En tout état de cause, la méthodologie des juges pour résoudre un litige impose un traitement chronologique des questions inhérentes à la découverte de la solution du litige. Les principes généraux de la procédure posent la chronologie [16] suivante : question préalable, question principale en sursis en cas de question préjudicielle de droit interne (compétence d’un autre ordre juridictionnel) ou de droit de l’union européenne. Pour ce qui est de la question préjudicielle de droit de l’union européenne, l’article 267 du Traité sur le Fonctionnement de l’Union Européenne (TFUE) propose deux types de renvoi préjudiciel, l’un facultatif (Art. 267 al.2 TFUE [17] et l’autre obligatoire (Art. 267 al.3 TFUE [18]).
Cela étant dit, le caractère prioritaire [19] de la question a posteriori de constitutionnalité est donc en lien avec la subsistance de plusieurs niveaux de questionnement dans la méthodologie qui doit mener à la découverte de la solution du litige. La question préalable constitue le point juridique que le juge doit analyser afin de vérifier si les conditions requises pour l’existence de la question principale sont recouvertes.

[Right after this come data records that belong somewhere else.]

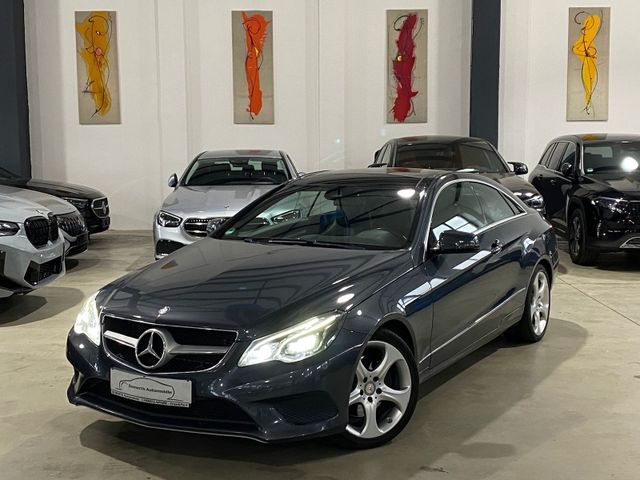 Mercedes-Benz E 220 d BlueTec Sport/Leder/Pano/LED/1.Hand/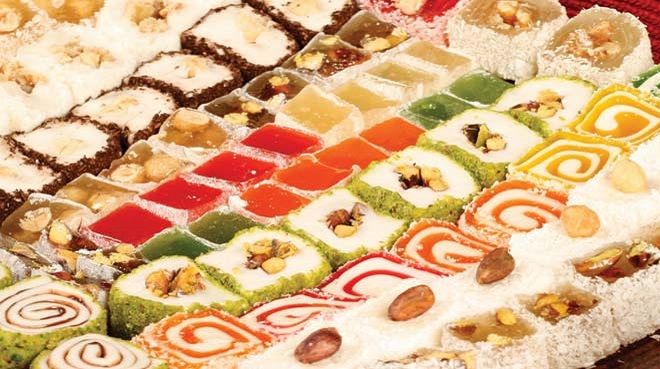 Turkish Delight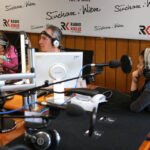 12.4.2015 Kielce. Dzień Dobry Dzieci o historii Kielc. / Wojciech Habdas / Radio Kielce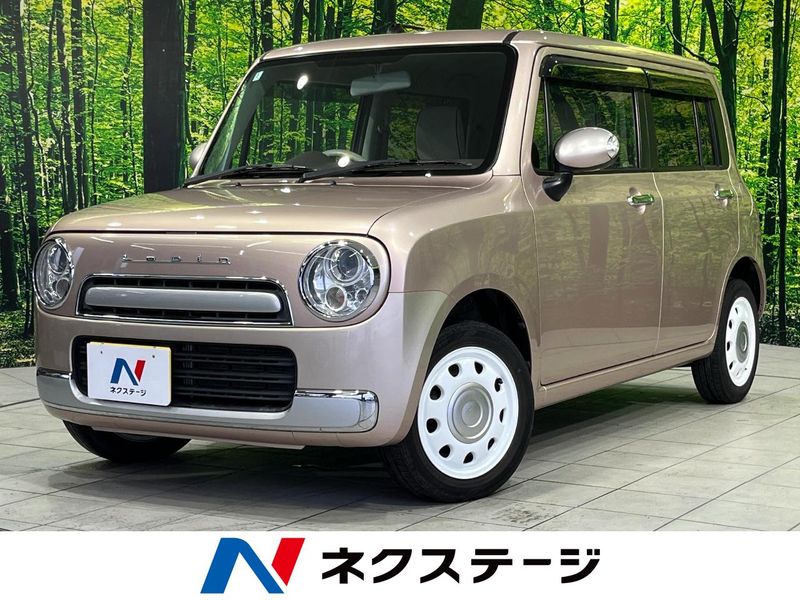 2015 Suzuki Alto Lapin Chocolat DBA-HE22S (UW-6a98e4de04d71)[3]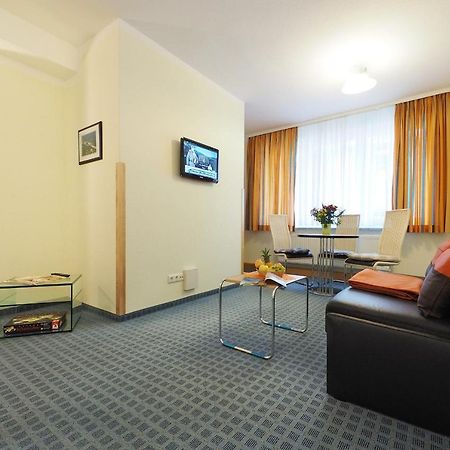 Seetelhotel Villa Aurora Heringsdorf  Buitenkant foto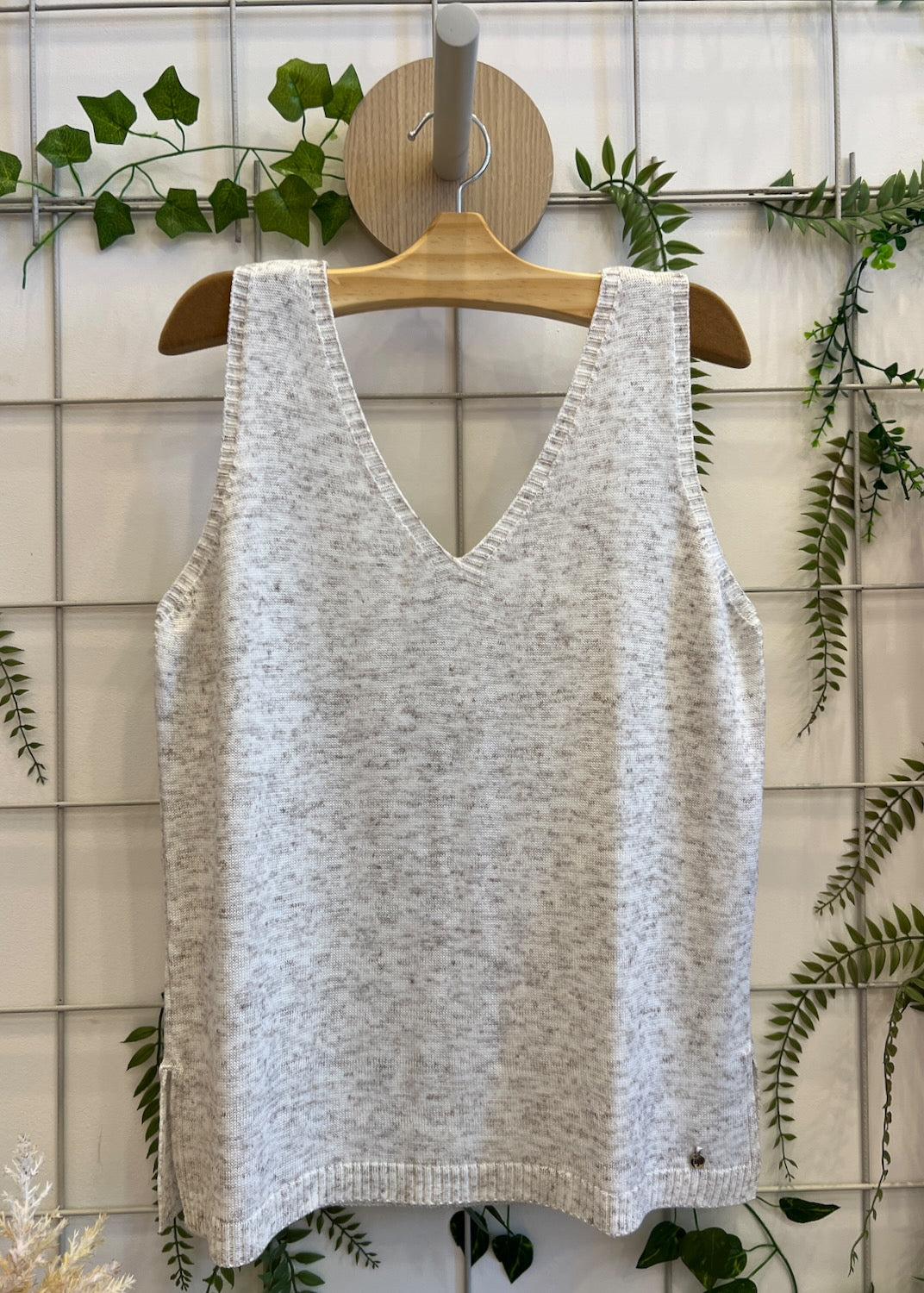 Blusa Regata Tricot - Santorini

À ce niveau de la recherche d’une solution au litige, le juge peut déceler des éléments qui imposent la compétence d’un autre ordre juridictionnel. Une fois la question préalable satisfaite, le juge s’intéresse au fond (question principale). C’est à cette occasion que peut survenir la nécessité d’une question préjudicielle soit auprès d’une juridiction d’un autre ordre juridictionnel lorsque l’élément déterminant une partie de la solution est de sa compétence exclusive, soit auprès de la CJUE. Ce dialogue institué, doit permettre au juge du principal, après sursis à statuer, de reprendre la main sur le litige et d’en donner une sanction.
C’est en cohérence avec cette configuration que doit être prioritaire, en toute logique, la saisine préjudicielle a posteriori du juge constitutionnel. Le renvoi préjudiciel a posteriori et prioritaire intervient chronologiquement après la question préalable qui étudie la recevabilité de la demande et la compétence du juge saisi. Dans la mesure où, il ne serait pas pertinent qu’elle intervienne après les questions préjudicielles tenant tant du principe de répartition des compétences juridictionnelles inter-ordre que de l’objectif d’effet utile du droit de l’union européenne, la question a posteriori de constitutionnalité doit être prioritaire sur les autres saisines préjudicielles.
Ce caractère prioritaire découle de la logique portée par le principe de hiérarchie des normes ainsi que d’une logique processuelle. Il y aurait une cacophonie par défaut de méthodologie et donc mauvaise administration de la justice, si après s’est prononcé sur la recevabilité de la demande puis sur le fond de celle-ci, le juge se prononçait sur l’inconstitutionnalité de la loi sur laquelle il a fondé sa décision. Il y aurait risque de dédit.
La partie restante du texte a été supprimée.